100 Greatest Tracks of the 00’s #46 Editors – Munich

Released: 2005

Editors weren’t the first band to draw comparisons to Joy Division – an outfit themselves who’d been enjoying a significant early noughties renaissance, even if it was a posthumous one. That accolade/admonishment had first been levelled at Interpol, who in re-energising the sound of 80’s trenchcoated young manhood were deemed heretical for being from Brooklyn instead of Ancoats.

From an equally post industrial Birmingham, Editors enjoyed a meteoric rise, the first 1,000 copies of their single Bullets selling out in 24 hours. Dubbed ‘Britain’s gloomiest band’ by the NME, even the slightest amount of attention to their music revealed that any links to the country’s post punk heritage were at best tenuous; singer Tom Smith’s angst matched that of Ian Curtis, but that was about the limit of it.

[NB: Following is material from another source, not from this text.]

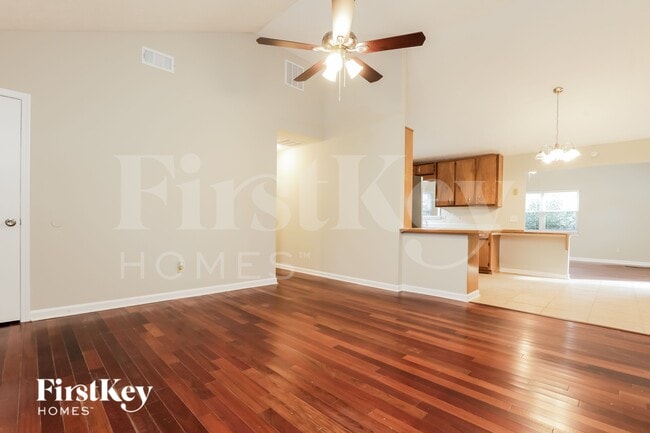 Photo - 6585 Evans Dr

Their second single Munich was suffused with an uncool melodrama, it’s hard chopped riffs, urgency and portentous lyrics rendered against Smith’s gruff baritone. Whatever was happening, it sounded like it was important, that it had gravity and that it needed to be known. It’s shades of grey were somehow familiar though, and at once all the things that had made the early pioneers of the self proclaimed centre of rock’s universe felt true again – and Britain’s gloomiest band were suddenly it’s most exciting.